[Date Prev][Date Next][Thread Prev][Thread Next]
[Date Index]
[Thread Index]
- Subject: Re: Pattern matching bug
- From: Roberto Ierusalimschy <roberto@...>
- Date: Wed, 8 Apr 2009 19:03:14 -0300
> Consider the following patterns:
> "(%w+)=([\"'])([^%2]-)%2"
> "([\"'])([^%1]-)%1"
>
> If the first pattern is applied against the following strings:
> 1) "key1='value1'"
> 2) "key2='value2'"
>
> It will match #1 and not #2. Similarly, for the 2nd pattern, if it is
> applied against those same two strings, it will match #2, and not #1.
>
> The trouble is in the sequence "([^%2]-)" which should be
> "non-greedily match anything except the characters contained in
> capture 2".
> It appears that is actually doing "non-greedily match anything except
> the characters contained in capture 2 and the actual number 2".
>
> Thoughts?
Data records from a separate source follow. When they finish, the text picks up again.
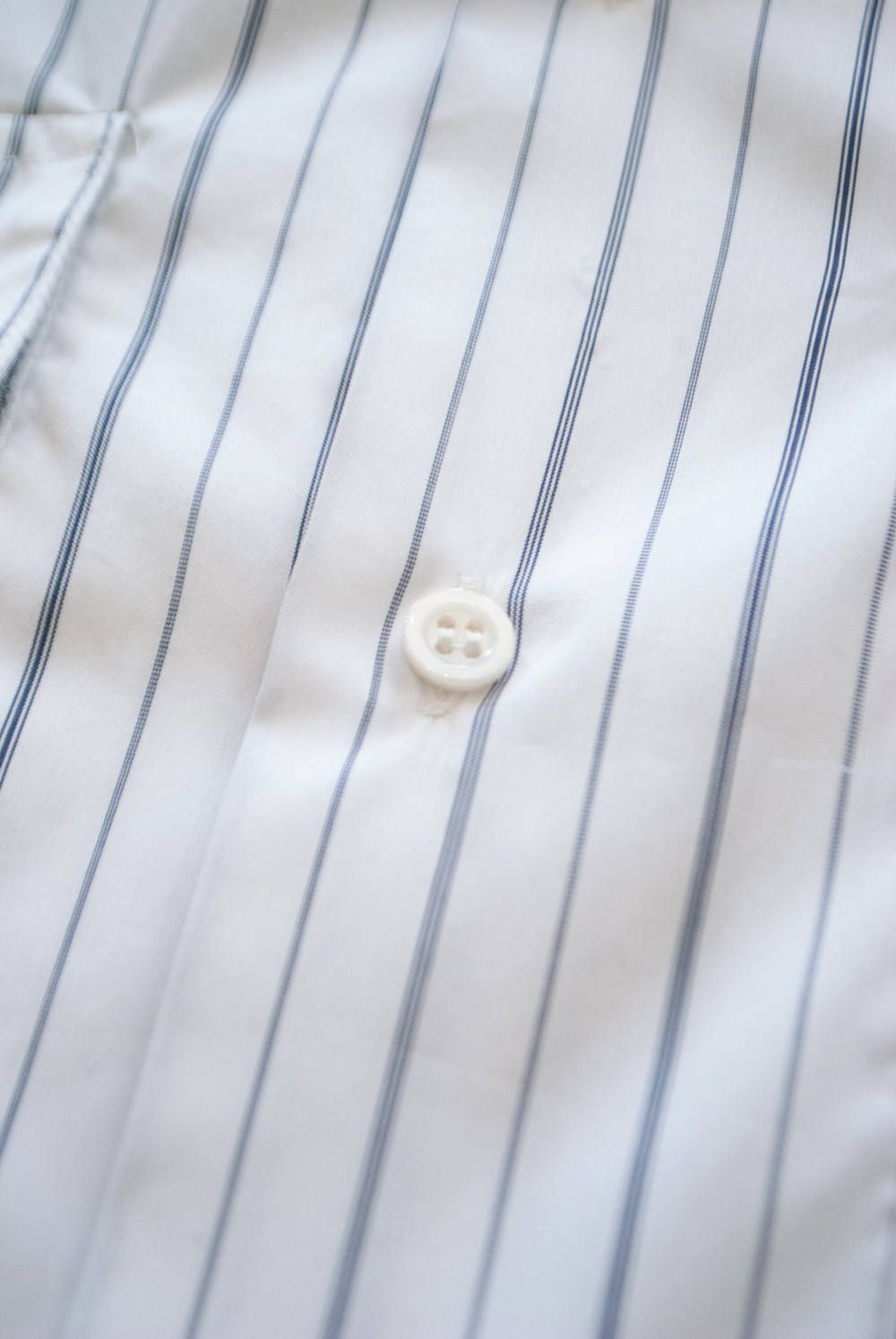 【ラスト1点】【19SS】Dolman Open-Collar Stripe Shirt/ドルマンオープンカラーストライプシャツ(WHITE)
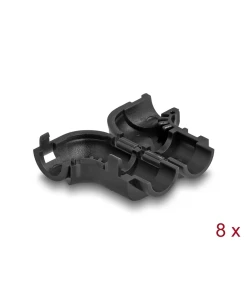 קליפסים לכיפוף כבלים 90° סט 8 יח' DELOCK | 88127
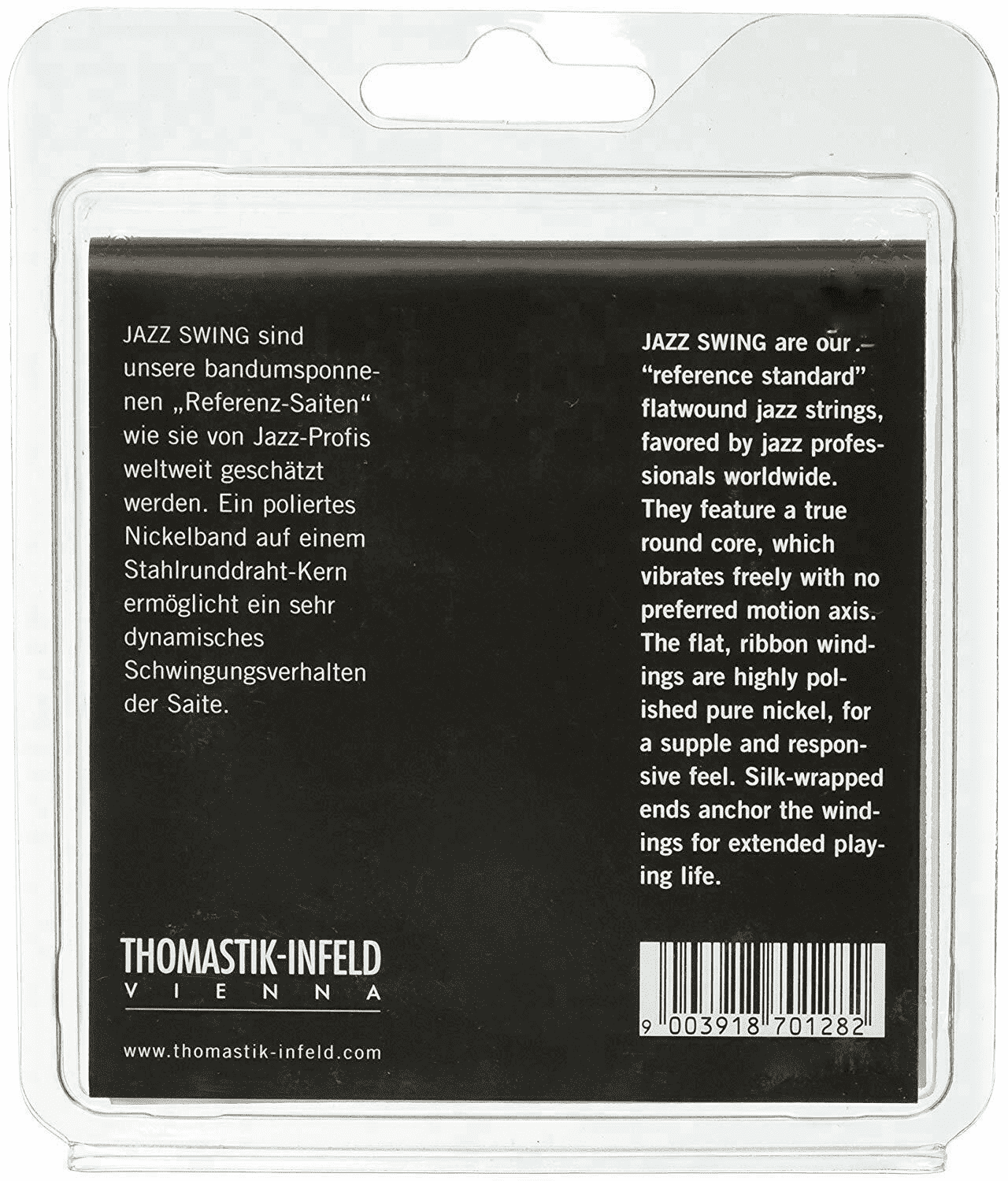 Thomastik-Infeld - JS111 - Jazz Swing Electric Guitar Strings - Flat Wound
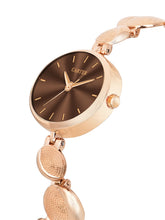 Sandy D Carter Metal Copper Analogue Round Watches for Women_Sandy D Carter-205-CP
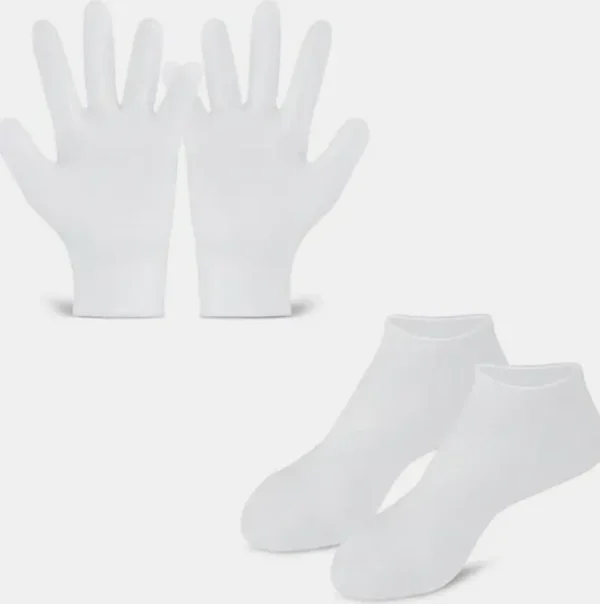 Hydrating Glove & Sock Kit for Dry Hands, Silicone Glove & Socks for Skin Therapy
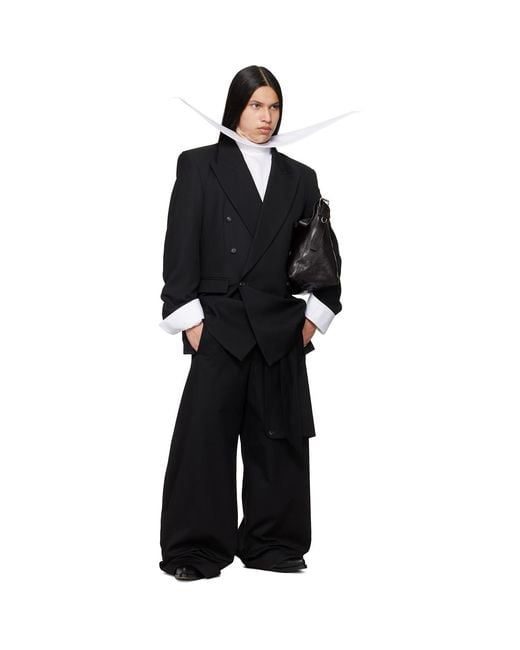 Egonlab Black Oversized Tailored Blazer for men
I have already found a workaround, but this pattern is
> syntactically valid, it just doesn't work in the expected manner. I
> took a look through lstrlib.c, but it was not immediately obvious
> where the problem might be.
It does not work the mannter you expect, but it does what the manual
says it does. The "%2" you want is a 'pattern item', but there are no
items inside character classes. Inside a class the '%' only escapes
characters.
-- Roberto